Today was the first day of our weight-loss plan at the office. I was the one who supplied the scales – I was informed a long time ago that as a survivor (for that read continuing sufferer) of an eating disorder, having a set of working scales could be damaging for my mental health. At one point I went through a phase of weighing myself every single day, at least three times, sometimes more.
Standing on those scales at the office this morning I struggled to look at the weight that was displayed there. It was depressing and frustrating. Over Christmas, I tend to eat better, not worse. I don’t stuff my face full of junk (I know that my most recent post was of biscuits and cake, but I ate neither). I had regular meals (which is unlike me), but I wasn’t as active as I usually am either.
The weight wasn’t exactly a surprise, but the 4lb gain since the beginning of November was also disappointing. Luckily today was day 1, not day 41 and there is time until the end of stage 1.
Over the course of the morning, 7 of the 8 people who’ve signed up to join the Marketing Team in their weight loss journey came down to stand on the deadly scales and have their weight and goal recorded on the spreadsheet.

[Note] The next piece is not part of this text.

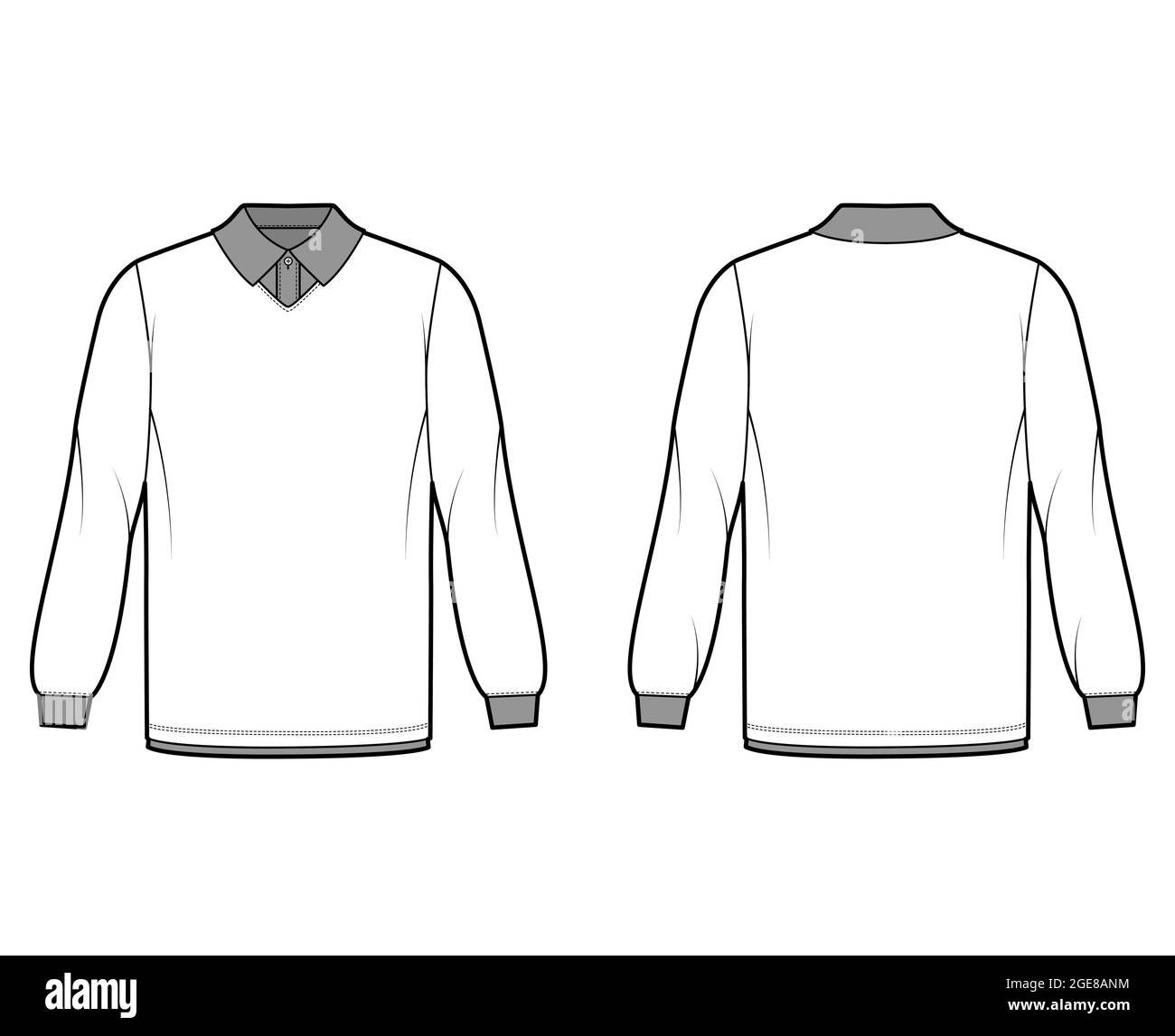 Shirt double technical fashion illustration with long sleeves, tunic length, henley neck, oversized, flat classic collar. Apparel top outwear template front, back, white color. Women men CAD mockup Stock Vector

It has taken me a long time and a lot of thinking, but I know, in order to make this blog as real as I possibly can, I need to record my weight here and share the journey I am going through with you.
Despite not eating properly (ever), and walking at least 3 miles a day, I have to face facts, I am overweight and the only person who can actually help me, is me.
The support from friends and colleagues – and the little bit of competition that a weekly weigh-in at the office will add – is all I need to spur me on. I am hopeful that people will find my experiences and observations helpful. I also would love it if it encourages others to open up and share their own observations and lessons learned.